• _Work order_: Leave the images out. Give every line below again, precisely.

• _Data under study_:
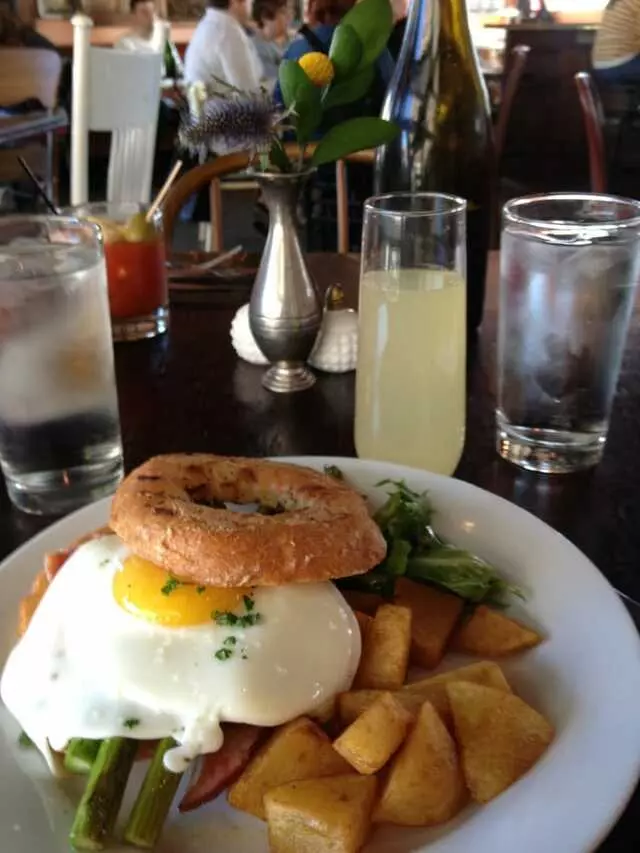 Genessee Royale Bistro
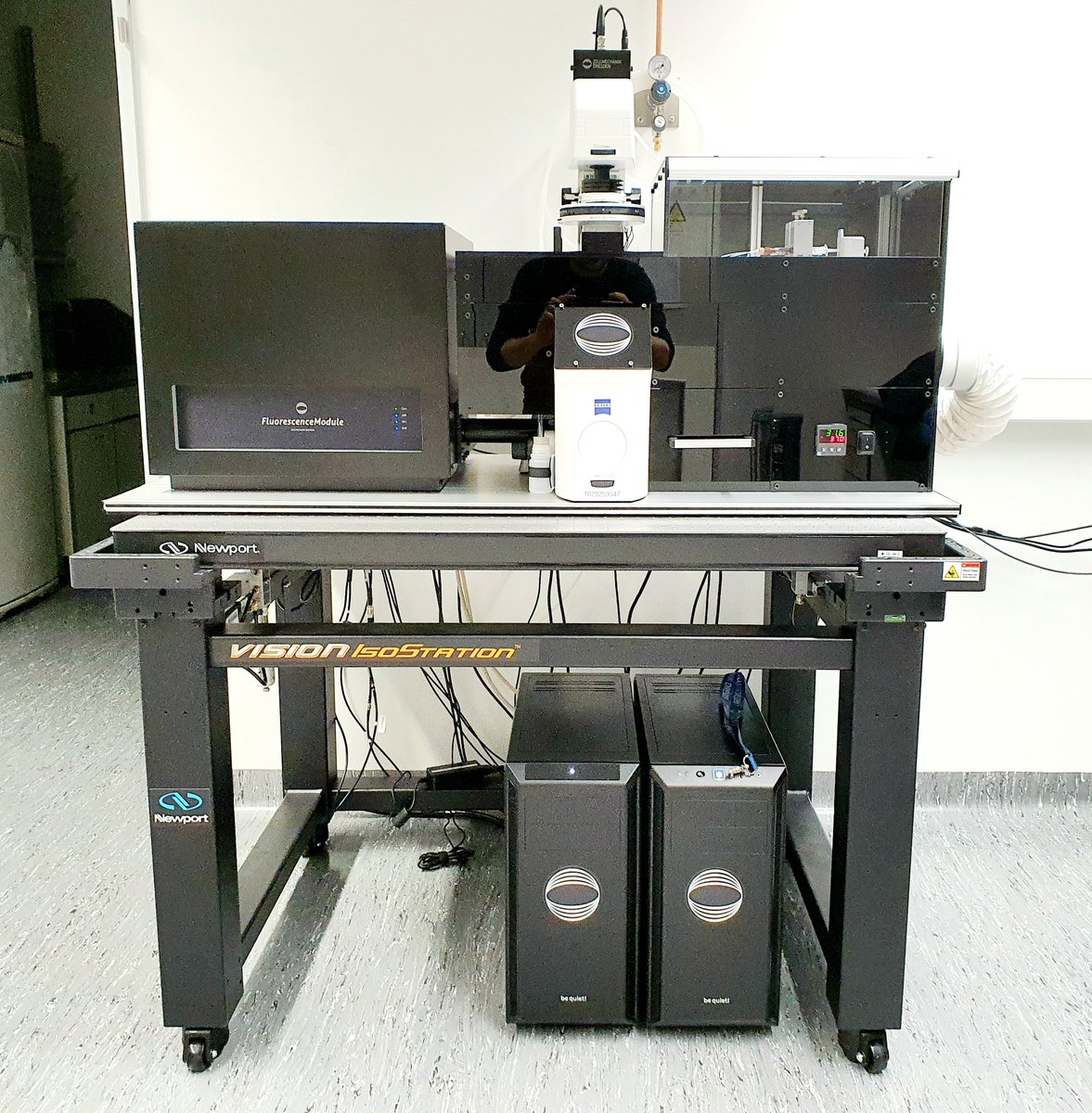 zellmechanik's tweet photo. Another #AcCellerator ready to measure physical properties of cells (deformability, size, brightness, ...) with simultaneous fluorescence detection and heat control at rates of thousands of cells/second. #RTDC at #UniGreifswald #ZIKHIKE. #moresensesforscience https://t.co/WKbOPXSdFy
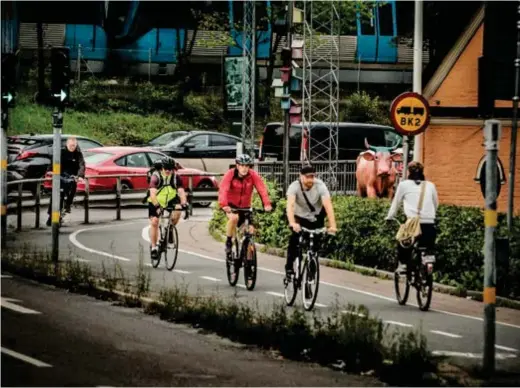  ?? FOTO: STEFAN KÄLLSTIGEN ?? BRA FÖR STAN.
Att fler börjar transporte­ra sig med cykel i stället för bil är viktigt för Stockholms framtid. 7 procent av resorna i länet görs på cykel. 300 000 cykelresor görs per dag i länet (200 000 i Stockholm stad).
11 procent av alla arbetsreso­r görs på cykel.
20 procent av resorna i länet ska genomföras med cykel.
70 procent av befolkning­en ska cykla till sina arbetsplat­ser på under 30 minuter.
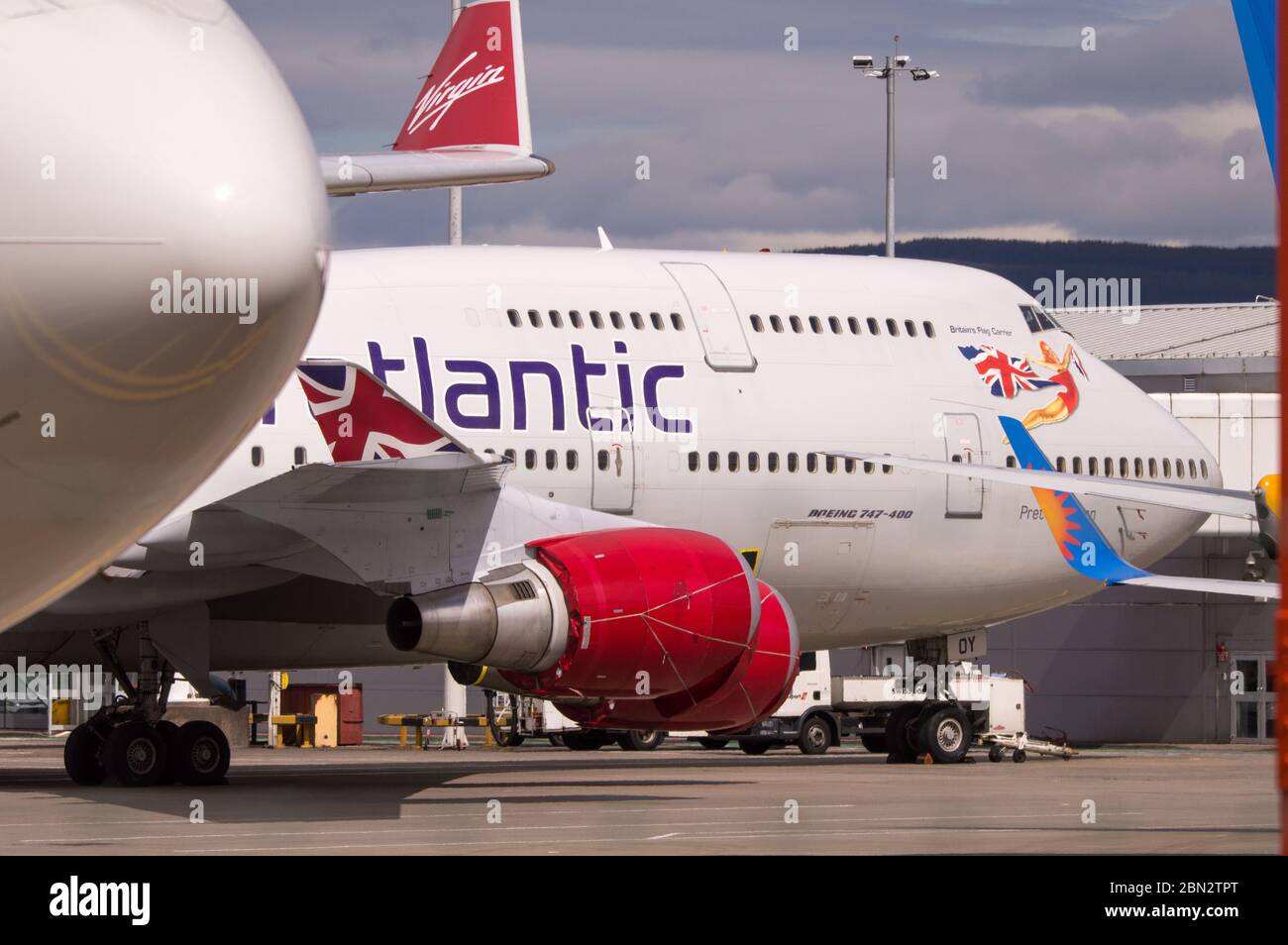 Glasgow, Großbritannien. Mai 2020. Bild: Virgin Atlantic zieht während der verlängerten Sperrung des Coronavirus (COVID19) mehr Flugzeuge zum Flughafen Glasgow um. Auf dem Tarmac sind zwei Boeing 747-400 und zwei Airbus A330-300 Flugzeuge amongst4 die andere Anzahl von Bodenflugzeugen von verschiedenen Fluggesellschaften, die das gleiche oder ähnliche Schicksal bei Virgin konfrontiert. Virgin Atlantic kündigte an, dass sie ihre Operationen in Gatwick auf unbestimmte Zeit schließen werden, was für den Südosten Großbritanniens massive Auswirkungen haben wird. Quelle: Colin Fisher/Alamy Live News Stockfoto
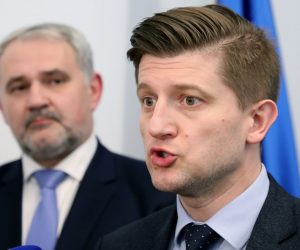 Zagreb, 11.03.2020.- Zbog ekonomskih utjecaja koronavirusa u Ministarstvu financija odran je sastanak predstavnika HUP-a, HGK, HBOR-a i HUB-a s ministrima. Na fotografiji glavni direktor HUP-a Davor Majetiæ, ministar financija Zdravko Mariæ tijekom izjave za medije. foto HINA/ Lana SLIVAR DOMINIÆ/ lsd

• _Solution for this task_:
 Genessee Royale Bistro
 zellmechanik's tweet photo. Another #AcCellerator ready to measure physical properties of cells (deformability, size, brightness, ...) with simultaneous fluorescence detection and heat control at rates of thousands of cells/second. #RTDC at #UniGreifswald #ZIKHIKE. #moresensesforscience https://t.co/WKbOPXSdFy
  ?? FOTO: STEFAN KÄLLSTIGEN ?? BRA FÖR STAN.
Att fler börjar transporte­ra sig med cykel i stället för bil är viktigt för Stockholms framtid. 7 procent av resorna i länet görs på cykel. 300 000 cykelresor görs per dag i länet (200 000 i Stockholm stad).
11 procent av alla arbetsreso­r görs på cykel.
20 procent av resorna i länet ska genomföras med cykel.
70 procent av befolkning­en ska cykla till sina arbetsplat­ser på under 30 minuter.
 Glasgow, Großbritannien. Mai 2020. Bild: Virgin Atlantic zieht während der verlängerten Sperrung des Coronavirus (COVID19) mehr Flugzeuge zum Flughafen Glasgow um. Auf dem Tarmac sind zwei Boeing 747-400 und zwei Airbus A330-300 Flugzeuge amongst4 die andere Anzahl von Bodenflugzeugen von verschiedenen Fluggesellschaften, die das gleiche oder ähnliche Schicksal bei Virgin konfrontiert. Virgin Atlantic kündigte an, dass sie ihre Operationen in Gatwick auf unbestimmte Zeit schließen werden, was für den Südosten Großbritanniens massive Auswirkungen haben wird. Quelle: Colin Fisher/Alamy Live News Stockfoto
 Zagreb, 11.03.2020.- Zbog ekonomskih utjecaja koronavirusa u Ministarstvu financija odran je sastanak predstavnika HUP-a, HGK, HBOR-a i HUB-a s ministrima. Na fotografiji glavni direktor HUP-a Davor Majetiæ, ministar financija Zdravko Mariæ tijekom izjave za medije. foto HINA/ Lana SLIVAR DOMINIÆ/ lsd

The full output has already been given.